Принялись за суп, а чайник Франсуа снова водрузил на огонь. Потом мы лакомились нежным антилопьим мясом. За разговором не заметили, как наступила ночь. Стало прохладно. Пора расходиться по палаткам. Когда поднимались из-за стола, желая друг другу спокойной ночи, услышали истошный крик шимпанзе. Этот внезапный крик несколько поубавил наше радостное настроение и как бы напомнил нам о том, что лес полон неожиданностей. Не прошли и сутки — мы в этом убедились.

Пожар

На другой день под вечер (было около четырех часов) мы заметили на расстоянии приблизительно 1 км от лагеря клубы дыма: горела саванна. Через некоторое время стало видно и пламя, поднимавшееся над травой на 2–3 м. Огонь двигался в направлении лагеря. Я подошел к Габриелю Нгуака и попросил его принять необходимые меры для защиты от огня лагеря и имущества отряда. Но никто из рабочих не внял просьбе Габриеля. Одни из них продолжали играть в карты, другие закусывали, а третьи сидели у костра и балагурили. Минут через 20 я снова напомнил Габриелю об угрожающей нам опасности: огонь надвигался на нас лавиной шириной около 80 м. И опять — полнейшее равнодушие к опасности со стороны рабочих! И только когда огонь был метрах в 30, рабочие стали вырубать траву у хижин, а оставшуюся поджигать навстречу пламени, бушевавшему с огромной силой вблизи лагеря.
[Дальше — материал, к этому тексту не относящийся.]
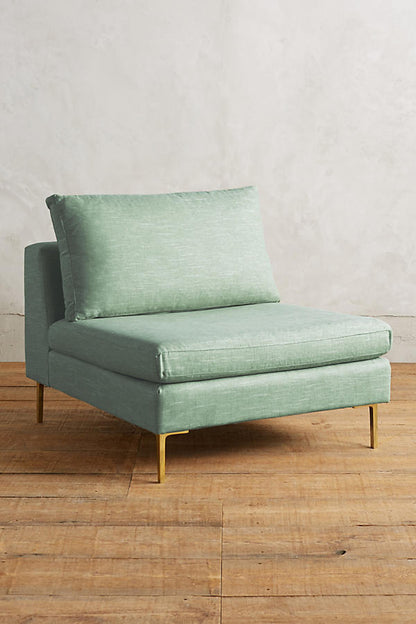 Módulo de sillón sin apoyabrazos en color verde claro, con respaldo alto y almohadón mullido, patas metálicas delgadas en tono dorado, sobre fondo blanco.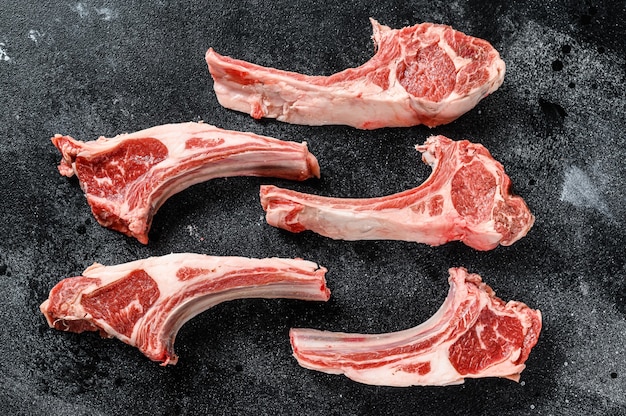 Raw lamb chops on black slate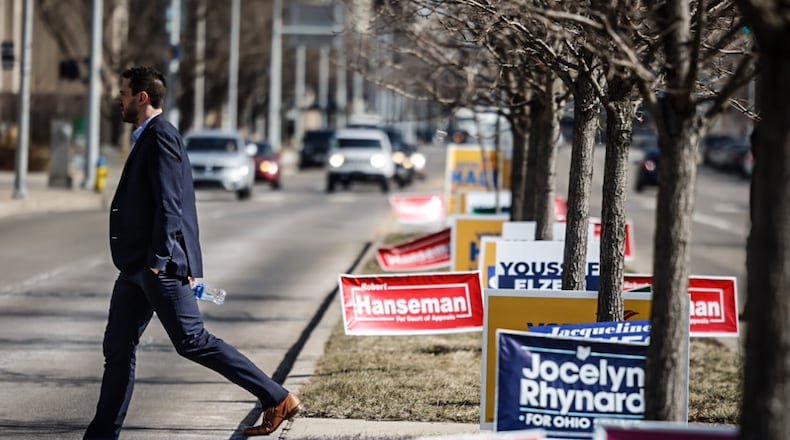 Political signs line the middle of Third Street in front of the Montgomery County Board of Elections on Wednesday Feb. 21, 2024, the first day of early voting in the March 19 election. JIM NOELKER/STAFF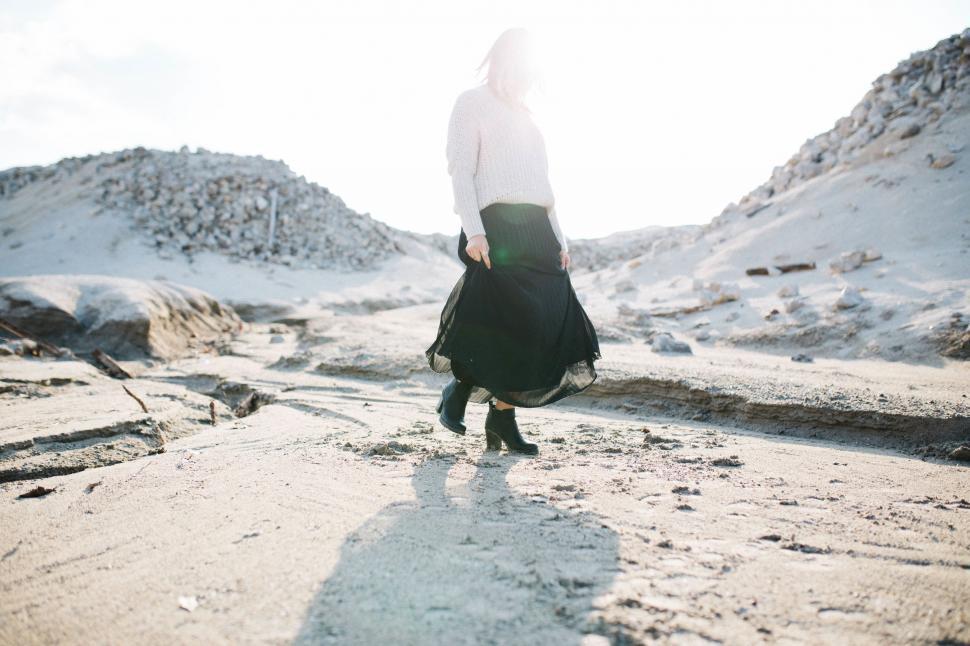Free Image of Person Standing in the Middle of a Snowy Field 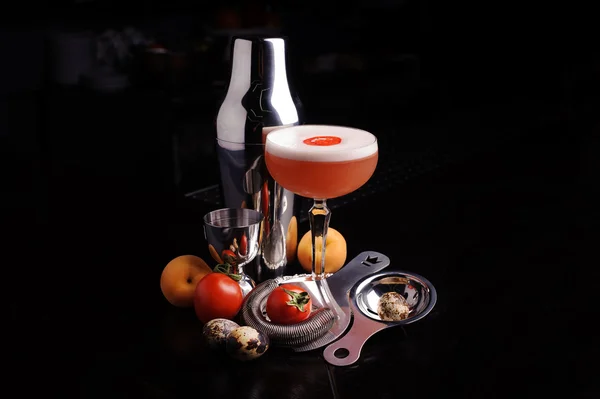 Red cocktail drink with ice. bar tools and shaker.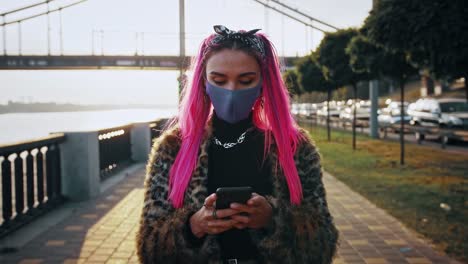 Joven-mujer-hipster-con-ropa-informal-y-máscara-protectora-está-escribiendo-en-el-teléfono-celular,-caminando-por-terraplén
Мои коллеги и я стащили имущество отряда на середину лагеря, свободную от травы. Все документы я сложил в рюкзак и надел его на себя. В это время пламя лизнуло крайнюю слева хижину. И тут как будто какая-то неведомая сила подстегнула рабочих. И куда только делась их флегматичность. С бесстрашием и яростью бросились они на огонь: сбивали пламя ветками, засыпали песком, поливали водой. Хижину удалось отстоять. Пощадив соседние хижины, огонь перекинулся на самую крайнюю, в которой хранились продукты. Но и эту хижину удалось спасти. Теперь огонь приближался к правой половине лагеря. Все бросились туда. Когда языки пламени подошли к хижинам, от травы была уже очищена полоса шириной 2 м. Пламя прошло рядом, опалив наши лица и засыпав палатки черным пеплом. Пострадала только хижина, служившая нам туалетом; она находилась в стороне и вспыхнула, как кучка пороха. Через несколько минут от нее остался только черный остов. Такая судьба была бы уготовлена всем хижинам, если бы не мужество рабочих.
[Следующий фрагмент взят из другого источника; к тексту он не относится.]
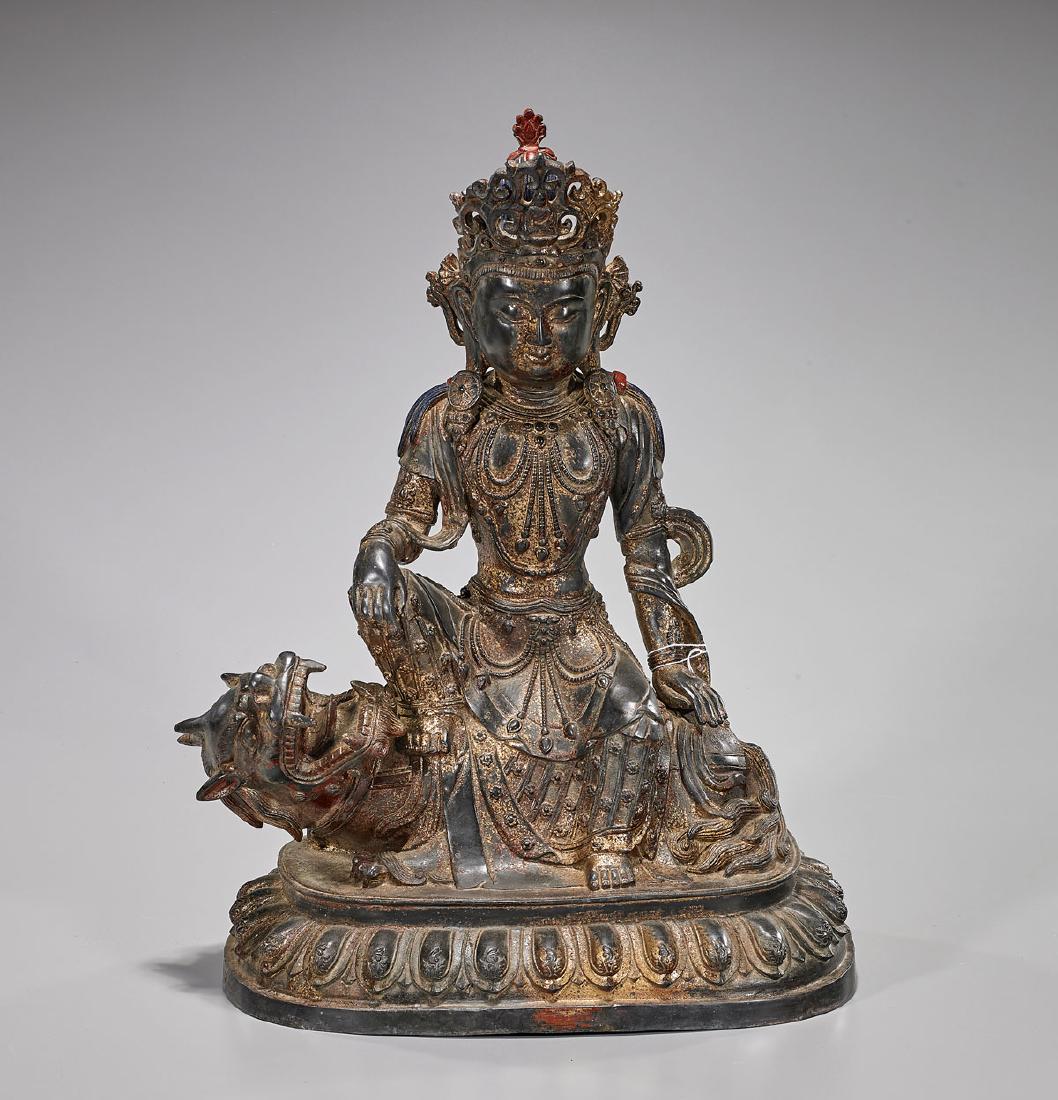 Chinese Bronze Seated Guanyin: Chinese Song-style bronze Guanyin; adorned in elaborately detailed crown, garlands and robe; seated in position of 'royal ease' upon a recumbent lion; all atop a lotus base H: 20" approx.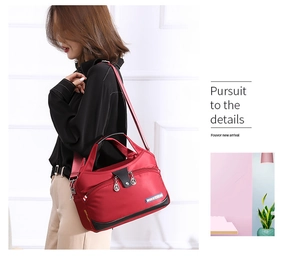 Detailed view of large capacity nylon shoulder handbag, casual crossbody bag in red.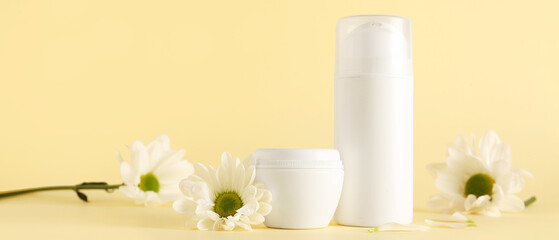 Cosmetic products and chamomile flowers on beige background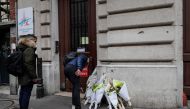 A man lays flowers outside the Paris Fire station in the 9th arrondissement of Paris, in tribute to the two firefighters killed the day before in a powerful gas explosion which tore through a building in central Paris on January 13, 2019.  AFP / Thomas SA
Пожар бушевал позади нас. Мы смотрели на дымящиеся вокруг кустарники и на удаляющееся пламя. Вот оно подобралось к одной из трех рядом стоящих масличных пальм, и та занялась ярким пламенем, время от времени выбрасывая высоко в воздух сноп искр. День был на исходе, когда огонь, дойдя до леса, погас; только пальма продолжала гореть. Совсем стемнело, а она выбрасывала в небо тысячи светлячков. Нельзя было не залюбоваться этим великолепным зрелищем. Наконец и она погасла.

— Сгорела дотла, — решили мы и стали расходиться по палаткам, и только теперь я почувствовал сильную усталость.

На следующий день рано утром я вышел из палатки, посмотрел в сторону пальм и вначале не поверил своим глазам: там по-прежнему стояли три пальмы. Пошел с женой посмотреть на горевшую пальму. Идя по пожарищу, мы измазались сажей цеплявшихся за нас обгоревших кустарников и трав. А вот и пальма: стоит зеленая, свежая, словно после ночного дождика. Я бы никогда не поверил, что она горела в течение двух часов, если бы не видел это своими глазами. Подтверждением этому служил и толстый слой пепла вокруг ствола. У пальмы обгорели только сухие ветки. Черные кусочки их валялись вместе с золой на земле, и кое-где остатки веток виднелись на стволе; зеленые же остались невредимыми. Почему пальма не сгорела, никто не знал. И мне бы очень хотелось узнать об этом от ботаников.